From 2312458e06294ea49acf72915d7129c28794bbc4 Mon Sep 17 00:00:00 2001
From: Ethan Ng <ethann@meta.com>
Date: Thu, 2 Jul 2026 18:46:38 -0700
Subject: [PATCH] Fix generic im2row NHWC layout to match Python reference
MIME-Version: 1.0
Content-Type: text/plain; charset=UTF-8
Content-Transfer-Encoding: 8bit

Summary:
The generic Cadence `im2row` kernel wrote its NHWC (`channel_last=True`) output in kernel-position-major order `[kp][c]`, but the operator contract — defined by the Python reference in `ref_implementations.py` via `torch.nn.functional.unfold` — is channel-major `[c][kp]`, i.e. column index `c*(kH*kW) + kh*kW + kw`. The conv-lowering pass `ReplaceConvWithIm2RowAndLinear` packs the matmul weights in the same `[c][kp]` order (permute `[OC,kH,kW,IC]` -> `[OC,IC,kH,kW]` -> `[OC,K]`), so the generic kernel's `[kp][c]` output was transposed relative to the weights.

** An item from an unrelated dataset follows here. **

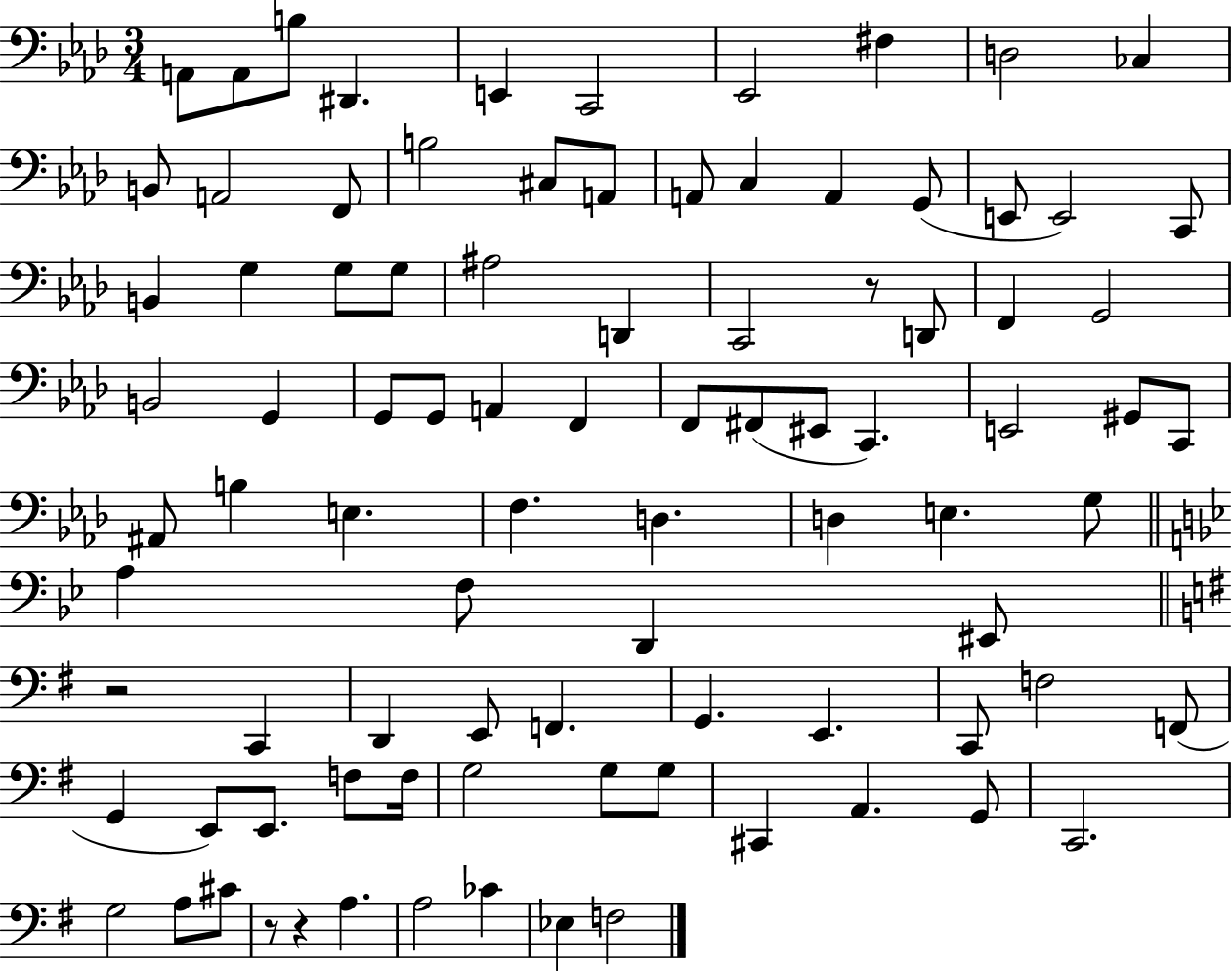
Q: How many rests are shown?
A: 4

This rewrites the generic NHWC branch to write `[c][kp]` (per-channel scatter `data_col[i_col*channels_col + c*num_kp + kp]`)

Differential Revision: D110508326
---
 .../cadence/generic/operators/op_im2row.cpp   | 32 ++++++++-----------
 1 file changed, 14 insertions(+), 18 deletions(-)
diff --git a/backends/cadence/generic/operators/op_im2row.cpp b/backends/cadence/generic/operators/op_im2row.cpp
index 8c939c7ad5c..cbfd4499535 100644
--- a/backends/cadence/generic/operators/op_im2row.cpp
+++ b/backends/cadence/generic/operators/op_im2row.cpp
@@ -8,8 +8,6 @@
 
 #include <executorch/backends/cadence/generic/operators/op_im2row.h>
 
-#include <algorithm>
-
 #include <executorch/runtime/core/exec_aten/util/scalar_type_util.h>
 
 #ifndef DISABLE_ALWAYS_INLINE
@@ -59,34 +57,32 @@ ALWAYS_INLINE void im2row_(
   // array of size (out_height * out_width) x channels_col
   const int32_t channels_col = channels * kernel_h * kernel_w;
 
-  // If the layout is NHWC, we can copy 'channels' worth of contiguous data
-  // points when performing im2row.
+  // If the layout is NHWC, the input data is contiguous per-pixel (H, W, C).
+  // The output layout must match torch.nn.functional.unfold, which is [c][kp]:
+  //   output[c * num_kp + kp] for each output position.
   if (channels_last) {
+    const int32_t num_kp = kernel_h * kernel_w;
     // Iterate over the output domain
     for (int _h = 0; _h < out_height; ++_h) {
       for (int _w = 0; _w < out_width; ++_w) {
         int32_t i_col = _h * out_width + _w;
-        // Each point in the output domain is the result of applying a filter of
-        // size kernel_h x kernel_w x channels on the input. But since channels
-        // is contiguous, we will not explicitly have a loop for it.
         for (int _kh = 0; _kh < kernel_h; ++_kh) {
           int32_t h_im = _h * stride_h - pad_h + _kh * dilation_h;
           for (int _kw = 0; _kw < kernel_w; ++_kw) {
             int32_t w_im = _w * stride_w - pad_w + _kw * dilation_w;
+            int32_t kp = _kh * kernel_w + _kw;
 
-            // h_im and w_im are the actual height and width coordinates of the
-            // input tensor from where we need to copy 'channels' points.
-            const T* __restrict__ slice_im =
-                data_im + (h_im * width + w_im) * channels;
-            T* __restrict__ slice_col = data_col + i_col * channels_col +
-                (_kh * kernel_w + _kw) * channels;
-            // If the coordinates were within the input domain, we copy
-            // 'channels' contiguous values. Otherwise we will fill the output
-            // with 0's.
             if (h_im >= 0 && w_im >= 0 && h_im < height && w_im < width) {
-              memcpy(slice_col, slice_im, channels * sizeof(T));
+              const T* __restrict__ pixel =
+                  data_im + (h_im * width + w_im) * channels;
+              for (int _c = 0; _c < channels; ++_c) {
+                data_col[i_col * channels_col + _c * num_kp + kp] = pixel[_c];
+              }
             } else {
-              std::fill_n(slice_col, channels, T(in_zero_point));
+              for (int _c = 0; _c < channels; ++_c) {
+                data_col[i_col * channels_col + _c * num_kp + kp] =
+                    static_cast<T>(in_zero_point);
+              }
             }
           }
         }